'There is nowhere for house prices to go but down' - THE TELEGRAPH
The cost-of-living crisis and rising interest rates have started to cool the housing market, as the rate of price growth has fallen to its lowest level this year.
The average house price rose 1pc, or £2,857, in May. This was the slowest rate of growth in 2022, according to mortgage lender Halifax. This is the latest indicator of a wider housing market slowdown, signalling that rising prices have started to tighten household budgets and dampen demand, experts said.
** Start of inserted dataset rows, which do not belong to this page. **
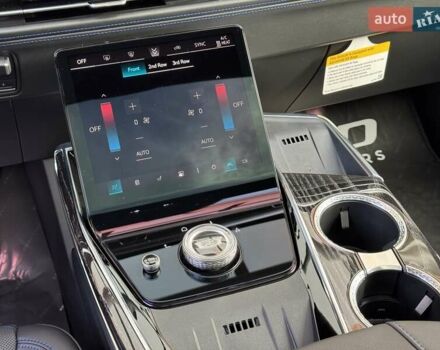 Чорний Каділак Escalade IQ, об'ємом двигуна 0 л та пробігом 1 тис. км за 155000 $, фото 27 на Automoto.ua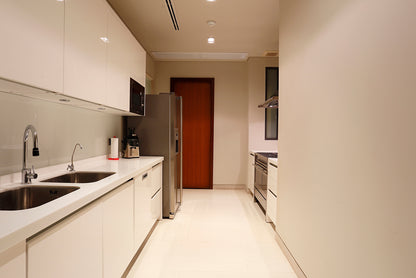 Seaview 5-bedrooms villa in Naithon beach (Piano, Tv room, private security area)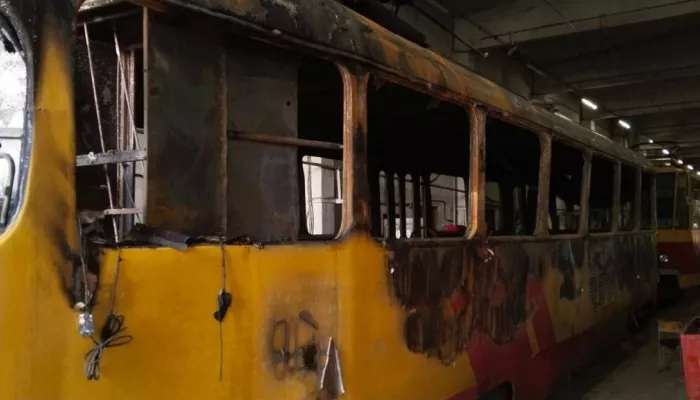 В Сети появились фото сгоревшего на конечной трамвая в Барнауле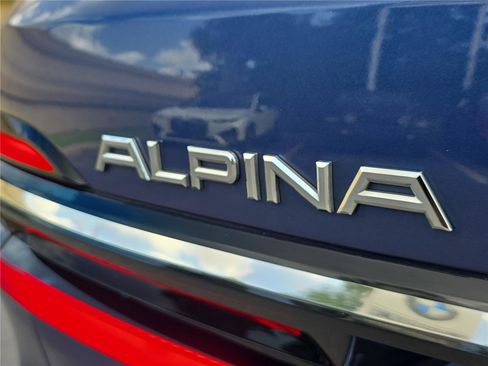 Certified 2024 BMW ALPINA XB7 AWD/4WD image 5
House prices have risen for 11 consecutive months, increasing 10.5pc in the year to May, to a new record average cost of £289,099. However some property types have performed better than others, with buyers paying £10,000 more than they did last year for a flat but an additional £50,000 for a detached house.
Russell Galley, of Halifax, said the current sellers’ market was likely to have peaked. He said: “Mortgage activity has started to come down and, coupled with the inflationary pressures currently exerted on household budgets, it’s likely activity will start to slow.”
Alice Haine, of analyst Bestinvest, said rising mortgage rates and runaway inflation had started to take their toll on the market and many prospective buyers would be forced to delay their purchases.
“With rising house prices, lower disposable incomes and fewer people with the right debt-to-income ratio to qualify for a mortgage, some first-time buyers may delay their entry into the housing market, while existing homeowners may stick with their current home, focusing on a remodel or extension instead,” she said.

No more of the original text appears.